The high speed to asynchronous interface block 406 interfacing of the high-speed bus 402 for asynchronous communication with the baseband processors 102 and 104. The clock and power management block 422 may comprise suitable logic, circuitry and/or code that may enable handling of the timing and power management of the high speed peripherals coupled to the high speed bus 402. The secure ROM 408 may comprise suitable logic, circuitry and/or code that may enable secure storage of data. The EDGE MP 410 may comprise suitable logic, circuitry and/or code that may enable EDGE processing of the received plurality of signals. The camera interface 412 may comprise suitable logic, circuitry and/or code that may enable windowing and sub-sampling functions, for example, to connect the baseband processors 102 and 104 to a mobile TV front end.

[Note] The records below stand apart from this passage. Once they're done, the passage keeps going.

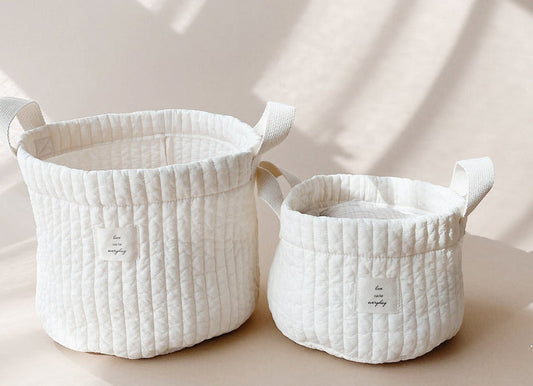 Quilted Basket | Cream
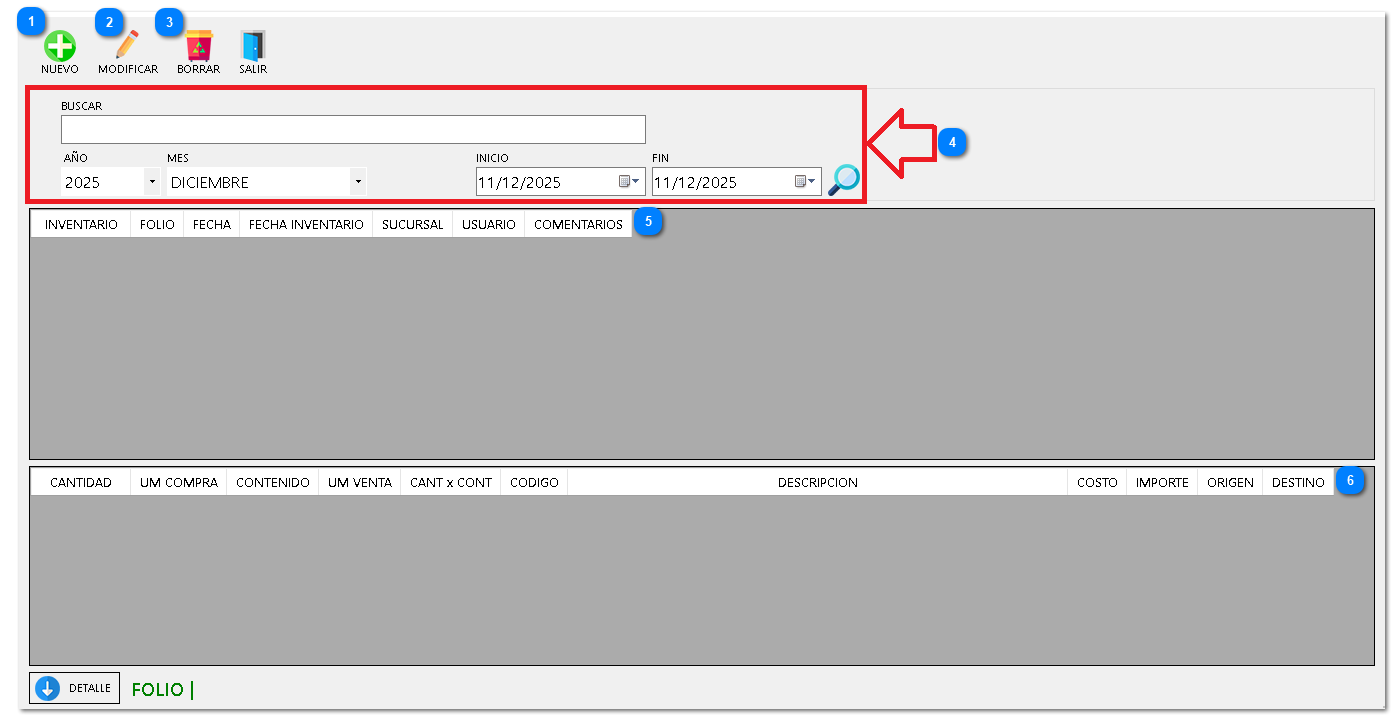 7.10. SALIDA RÁPIDA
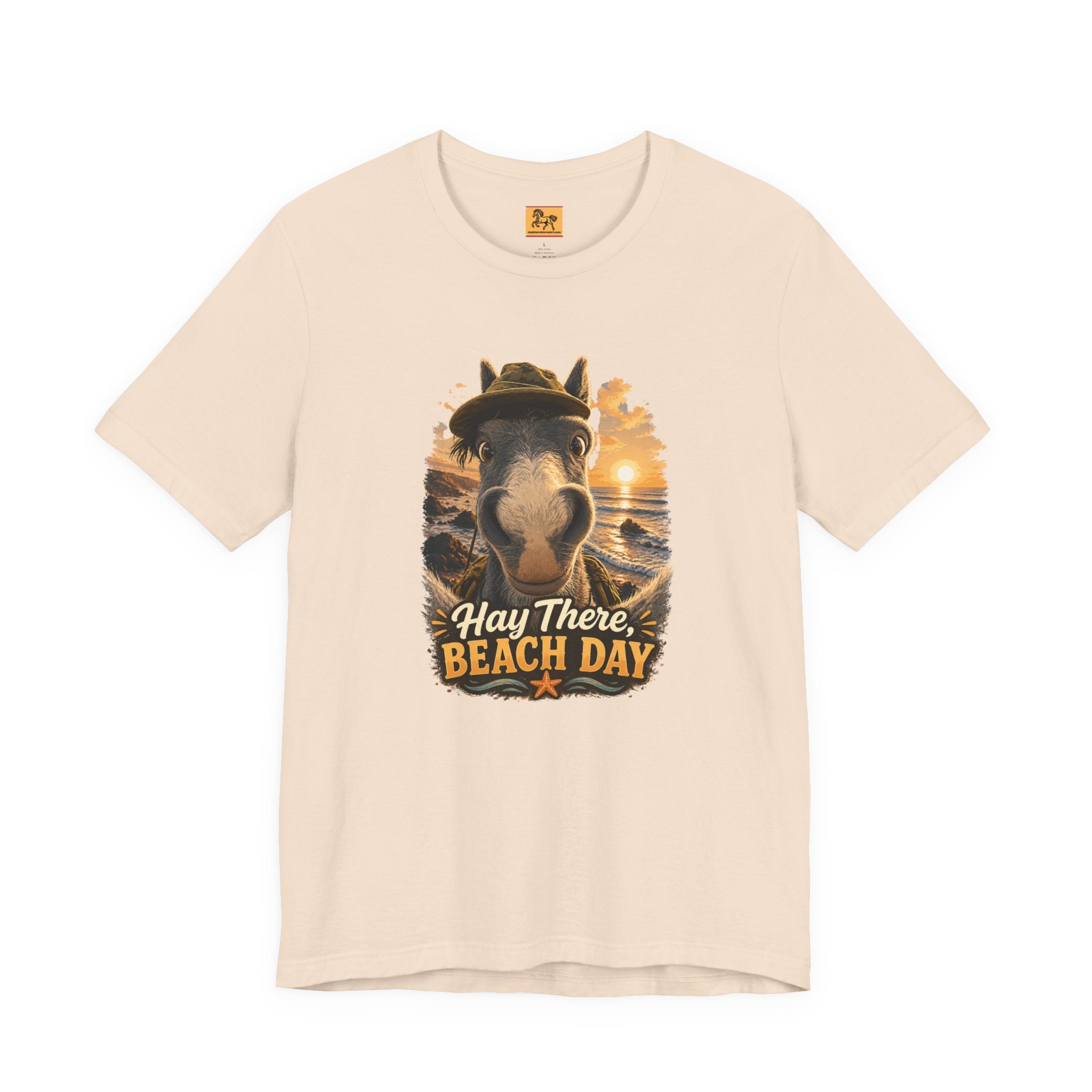 Beach Day Horse T-Shirt | "Hay There, Beach Day" Funny Graphic Tee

The LCD controller 416 may comprise suitable logic, circuitry and/or code that may enable receiving of data from the baseband processors 102 and 104 via a display controller and/or from a second external memory interface, for example. The CRC generator 418 comprise suitable logic, circuitry and/or code that may enable correction of errors within data transmitted by the baseband processors 102 and 104.

FIG. 5 is an exemplary block diagram of high-speed master peripherals, in accordance with an embodiment of the invention. Referring to FIG. 5, there is shown a high speed master peripherals block 500, an arbiter 522, and a high speed bus 502. The high speed master peripherals block 500 comprises a color space converter 504, a HSDPA data packer 506, a HSDPA/WCDMA subsystem 508, a WCDMA cipher 510, a JPEG accelerator 512, a digital video encoder (DENC) 514, a secure digital input/output (SDIO) host #1 516, a SDIO host #2 518, and a graphics engine 520.

The arbiter 522 may comprise suitable logic, circuitry and/or code that may enable bus arbitration among multiple masters in the high-speed master peripherals block 500 on the high-speed bus 502. A plurality of bus masters may reside on the high-speed bus 502. A pair of request and grant signals may be dedicated to each bus master, for example. The arbiter 522 may enable implementation of either a rotating priority or a programmable priority scheme. In a rotating priority scheme, the requester that is most recently granted the high-speed bus 120 may receive the lowest priority, while the requestor position next to it may receive the highest priority. The remaining requesters may receive subsequently lower priorities based on their positions.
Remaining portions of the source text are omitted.